Saturday, December 20, 2008

Living With Lions

The annual report of the Living With Lions program in Kenya has just arrived. This program, headed by Laurence Frank of the University of California Berkeley has been growing from strength to strength over the last three or four years and shines a bright light on conservation in Kenya that gives one some real hope for the future of Africa’s most charismatic species. Living With Lions has expanded in its two main areas of activity, which are in the Maasai country around Amboseli and in Laikipia district, west and north of Mount Kenya. Some work has also started up in the Masai Mara conservation area, where lions are under heavy threat.

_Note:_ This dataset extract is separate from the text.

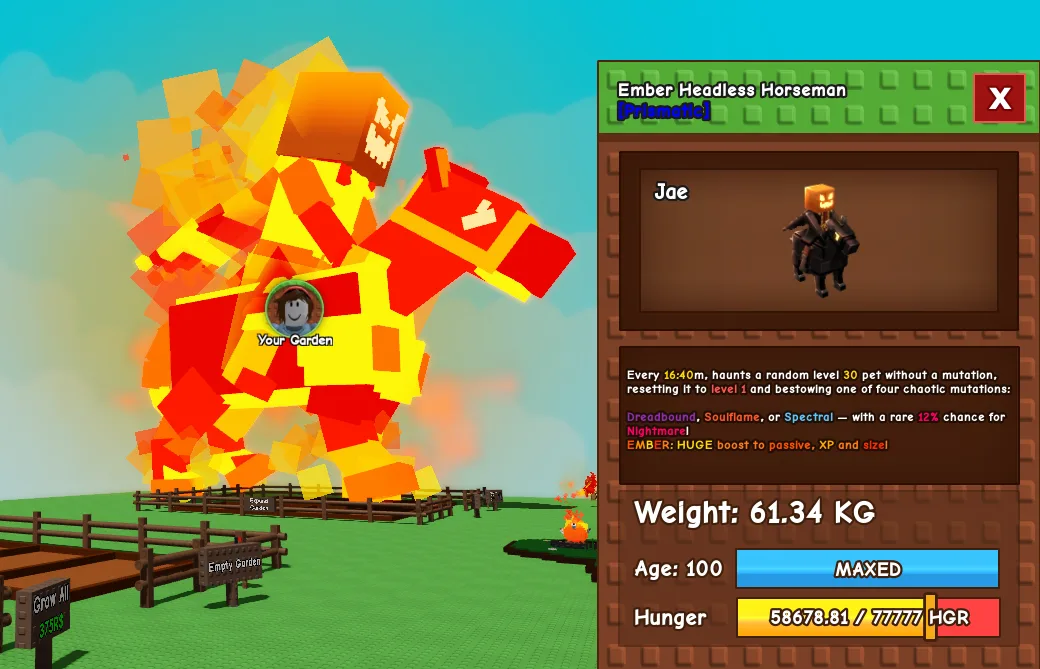 60.68kg+ Ember Headless Horseman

A quote from the report is another from the ongoing litany of conservation messages makes a sad comment on modern life: ...lions, hyenas and other large predators are disappearing under the onslaught of spears, guns and poison. This grisly photo was taken by veterinarian Dr. Patrick Garcia in the Serengeti National park. He and the film crew with whom he was working witnessed the dying moments of a lion caught in a snare.

There are a couple of blogs that give one information about the activities of the group, and currently the most active one is about the Lion Guardians.

To quote the report
“On the Kenyan side, lions are under severe and increasing pressure, as people are spearing and poisoning lions at a rate which threatens population extinction within a few years.”
This photo, taken by Amy Howard, one of the report’s authors, shows two male lions that had been poisoned a couple of years back.

An interesting change has occurred in Kenyan Maasailand, and this quote from the report tells most of the story.
"Sadly two of our study animals, Amber and Sangale were poisoned in January 2008. Because the Lion Guardians had made these animals very familiar to the local people, the Maasai community was incensed at the loss of these well‐known individuals, and the man responsible for their poisoning was shamed by his neighbors. The Lion Guardians and various members of LWL participated in the lions’ post-mortem and follow up investigation. Our work contributed to the perpetrator being found guilty of illegally killing these lions. This is one of the first incidents where a Kenyan court has handed out a guilty verdict on a poisoning case. Use of poison is currently the single greatest threat to Kenya’s lions.

The buy-in by the Maasai is clear when one sees this photo, taken by another LWL team member, Leelah Hezzah, is of Lion Guardian Mokoi using an antenna to track a radio-collared lion.

It is conservation programs like this one, which has involved the local people at every step, that have a chance of working. Long may it continue and continue to grow.